Feldman's 32-page ruling concluded:
The Court finds that Louisiana's definition of marriage as between one man and one woman and the limitation on recognition of same-sex marriages permitted by law in other states found in Article XII, Section 15 of the Louisiana Constitution and article 3520(B) of the Louisiana Civil Code do not infringe the guarantees of the Equal Protection and Due Process Clauses of the United States Constitution. The record reveals no material dispute: the defendants have shown that Louisiana's decision to neither permit nor recognize same-sex marriage, formed in the arena of the democratic process, is supported by a rational basis.21 The Court further finds that plaintiffs have failed to establish a genuine dispute regarding a First Amendment violation on this record. Accordingly, plaintiffs' motion for summary judgment is DENIED and defendants' motion for summary judgment is GRANTED.

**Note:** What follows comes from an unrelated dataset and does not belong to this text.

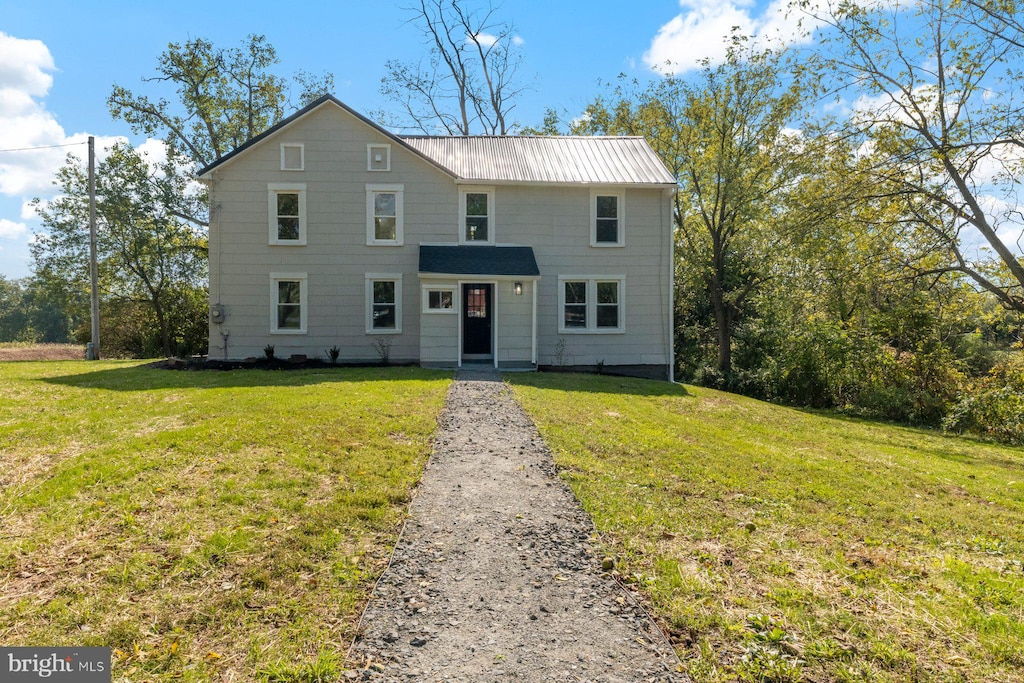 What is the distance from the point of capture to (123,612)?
11.3 feet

It was a major setback for those in favor of same-sex marriage, who had been buoyed recently by more than a dozen court rulings in their favor. Last year the U.S. Supreme Court, in the case of U.S. v. Windsor
, found that the then-current federal definition of “marriage” and “spouse” to apply only to opposite-sex couples violated due process, a ruling that had no effect on existing state laws but greatly broadened federal protections and rights for same-sex couples.
Louisiana politicians are split on same-sex marriage. Gov. Bobby Jindal and Sen. David Vitter, both Republicans, are staunch foes, while Sen. Mary Landrieu, a Democrat up for reelection in a red-trending state, has supported civil unions but for years shied away from the larger question of marriage. She stepped closer to the issue earlier this year, when she was one of only three Democratic senators not to endorse same-sex marriage. In a March statement, Landrieu said, “The people of Louisiana have made clear that marriage in our state is restricted to one man and one woman. While my personal views have evolved, I will support the outcome of Louisiana's recent vote.”

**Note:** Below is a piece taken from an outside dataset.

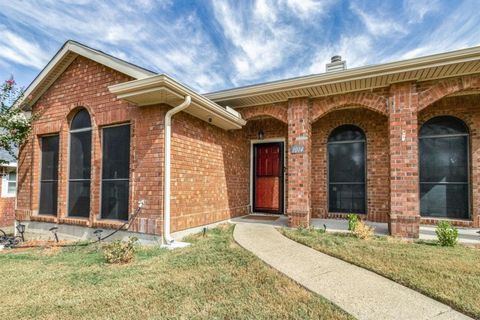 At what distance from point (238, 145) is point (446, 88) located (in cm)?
533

More recently, Mayor Mitch Landrieu came out in favor of same-sex marriage, adding his name to a list of hundreds of American mayors on the “Freedom to Marry” website.
Forum For Equality plans a rally this afternoon at 5:30 p.m. in Jackson Square to protest the decision, along with other groups including the ACLU of Louisiana, the Human Rights Campaign, the New Orleans LGBT Community Center and Parents and Friends of Lesbians and Gays.